Scowling at the interruption, he again spoke, “They are blind, and worse they are deaf, for they hear not what I and many others before me have heard. Do you not wonder how I have spoken of all this? Verily I destroyed the Mysteries long before I had the chance to peruse their contents. No, like those famed ones of old, these secrets came to me from the very one which you purport to worship. From the voices of the ancients, yea, the teachings of the great. The Great Serpent Himself hath hissed them into my ears!” He punctuated his words by hissing sharply in her left ear, brushing her cheek with his tusk. “I am born anew, molting off the useless husk of my old self.”
Her mind reeled. This was unthinkable. The Mysteries, the secrets, the key words and signs… His next words were almost lost in the depths of her doubt. “And thus you, lowly librarian, are as but a scale, falling from the serpent with none to mourn. None save me… For I have oft mourned the loss of innocence.” As if to indelibly inscribe this notion, he quickly moved the dagger away from her throat and sliced through the tendons in her lower legs. Blinding pain wormed its way up her thighs much like that poison long ago in the ruins of Aboraz. She tried to withhold a gasp, but could not hold back tears.
With that, he sauntered off, safe in the knowledge she could not pursue for many hours yet. As he passed effortlessly through the wall, her dagger clattered to the floor, unable to travel so.
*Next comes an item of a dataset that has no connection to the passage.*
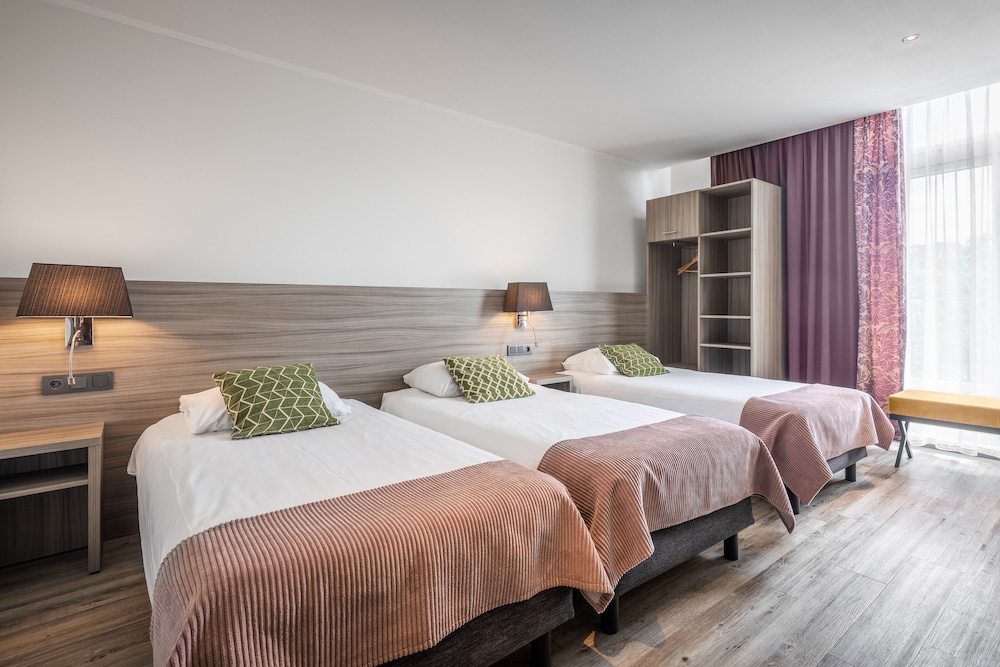 

Torino - Rotterdam - Hotel Milano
As the hours passed and her mind grew accustomed to the pain, she was struck anew with a stark realization; an inconceivable notion that lay coiled in her mind. The secret, he had said, came not from the scrolls. It was absurd; who was he to make such claims! And yet how else could he become such a phantom; how else could he know that name? Could it be that… At this point, the notion deep in her mind bared it’s fangs. She realized with an agony that exceeded her injury that everything she had ever valued, all she had worked for, all those whose blood had fed her blades… It was all for naught. The secrets were not tied to the Mysteries, not protected by those hidden scrolls; they were spoken to any with a mind twisted enough and an ear ready enough to hear them! Her own God had given her a calling which He Himself had foiled, time and again! Why? Why!
Her bitter tears mingled with the discarded ashes, her final ties to faith washing out with them.